They Love You! They Really Love You! (But What If They Don’t?)

©️Robin King
“Bright Eye” (©️Robin King)

Everyone loves you! Everyone loves your art!

But what if they don’t?

What if no one even likes – or, maybe worse, no one cares – about your art?

You laugh if you can. You cry if you have to. Then you decide whether or not you need to have your work liked more than you need to create the work that no one likes or cares about.

If you can create what you want and aren’t crushed by the reception the work gets, then you make more. Otherwise? You find out what you need to do to please people and then make the work that will bring you the notice and/or approval you want.

Or maybe you fling yourself back and forth between these options? Trying not to care, trying to find out what people want, trying not to care…trying, trying, trying.

Or maybe you pack it all in and stop trying so you can stop caring, until you realize that won’t work because you really need to make your art so you start all over again. Trying, caring.
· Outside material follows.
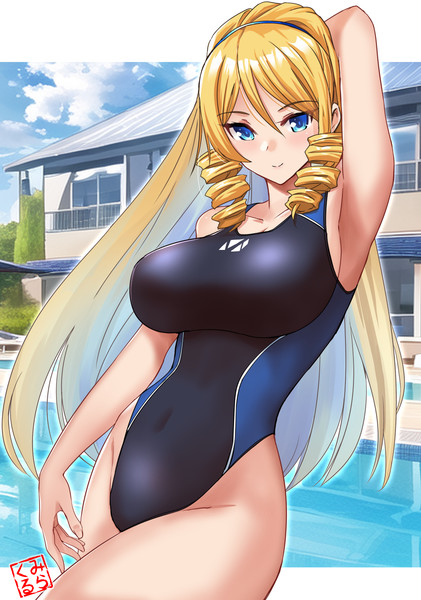 水着のメイ様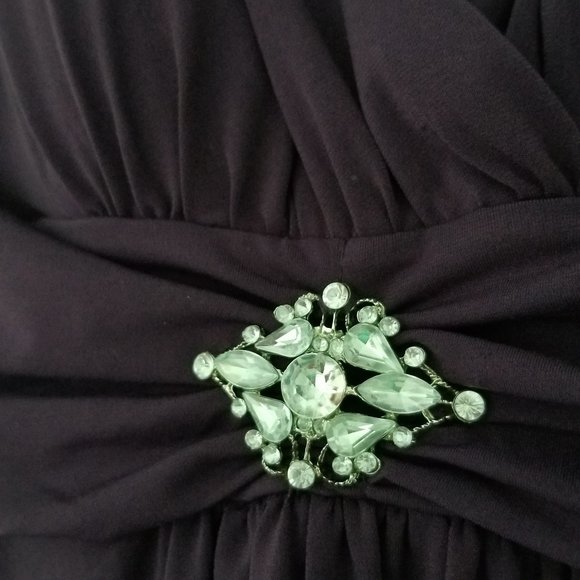 Purple Dress, Comfortable, Size 6P, For all Occassion - Picture 2 of 5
Then, in one of those cosmic bursts of magic, someone loves your art. Not everyone. But someone.

Maybe it’s you.

3 Comments

  1. I liked reading this post. It hits home with me in so many ways. I recall a recent art club meeting where members brought paintings for a “club contest”. I brought a painting I’d done that I absolutely loved. Everyone commented on it, but when the votes were revealed, out of the 6 paintings there, mine was the only one that received ZERO votes. Nobody really liked it, I guess. Or did they like it but liked something else better? I don’t know. I still love the painting though, so maybe I just don’t know what “good art” even is. I do make a lot of bad art, and surprisingly, people sometimes like what I don’t. So, really, it’s all an unpredictable guessing game, and like Rick Nelson sang in “Garden Party” we can’t please everyone, so we have to please ourselves.

    Liked by 2 people

  2. It’s awful, but tbh, you have to either develop the hide of a crocodile, or learn not to care about public opinion. It’s always nice to get the praise and “likes,” but I’ve found, especially with age, that you have to be your own best friend first, and be happy with what you’re doing. I’ve known a number of commercial artists who for most of their adult life, made art that pleased their clients and was popular with viewers, but didn’t necessarily make the creators happy. (I was married to one, and he died angry and bitter about never really making the art he wanted.) Popularity might make you rich, and we would all love to have a little more money right now. :) But it means nothing if you’re not happy with what you’re working on.